Jocks strap into new gov-funded White Space boffinry base
Silicon Glen is after Silicon Fen's smart radio tech
The Scottish Funding Council has bunged Strathclyde University cash to set up a boffinry base to develop cunning uses of spare radio frequencies known as White Space.
The technology aims to put unused spectrum to good use by dynamically assigning empty airwaves to wireless microphones and such things. It is hoped to enable plenty of no-fuss short-range ad-hoc communications  in the gaps left by switched-off analogue TV and other holes. In theory.
To work, databases that know which frequencies are available and where must be built. Then a White Space hub device calculates its location, using GPS or similar, and checks with a database on what frequencies are empty locally. Client devices listen for the hub's transmission and lock onto those empty frequencies, while the hub checks the database regularly in case of changes.
It's not clear how much money from the public purse is going into the university's new White Space centre. But there will be enough to get it started and kick off research into what is probably the most important development in wireless since the invention of frequency modulation.
The centre was opened by communications minister Ed Vaizey, with reps from the university to talk about how marvellous it all was. Microsoft, BT Openreach, Ofcom and Sky sent their own bods over the border to talk about the technical aspects; Neul came up from Cambridge to show the technology in action and various home-county consultancies pitched in.
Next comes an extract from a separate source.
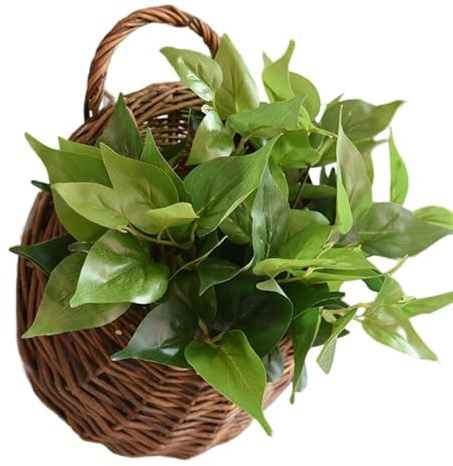 Décoration Murale en Vannerie | Contenant Artisanal à Accrocher en Rotin Naturel - Paniers Muraux en Vannerie - pour Salon, Chambre, Cuisine, Jardin, Maison, Intérieur Rustique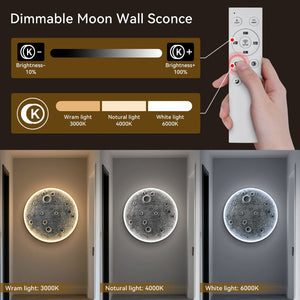 English Elm 48-inch Resin Moon Wall Sconce Dimmable Led Halo Glow Meteorite Texture Remote W2869P445603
Although the UK is a leading light in White Space research right now, the work is clustered around Camby in the east of England. The Scottish government wants to create a similar congregation around Strathclyde, which is a laudable aim considering how important White Space networking is going to be, especially in rural Scotland.
Not that Strathclyde is entirely without White Space experiments: the university's Bob Stewart has been running a connection to the Isle of Bute for the last few years, successfully backhauling the island's Wi-Fi over a White-Space connection without knocking out local TV reception. But that deployment lacks the database element which is critical to widespread use of White Space.
Not that the UK's lead will last long: communications watchdog Ofcom is busy running our 4G auction so legislation to permit general use of White Space radio isn't progressing as fast as it could. France has started issuing test licences and other countries are experimenting with the technology, but it’s the logistics of licensing the databases and enforcing limitations which is the biggest challenge, and for that we'll have to hope that Ofcom is up to the job.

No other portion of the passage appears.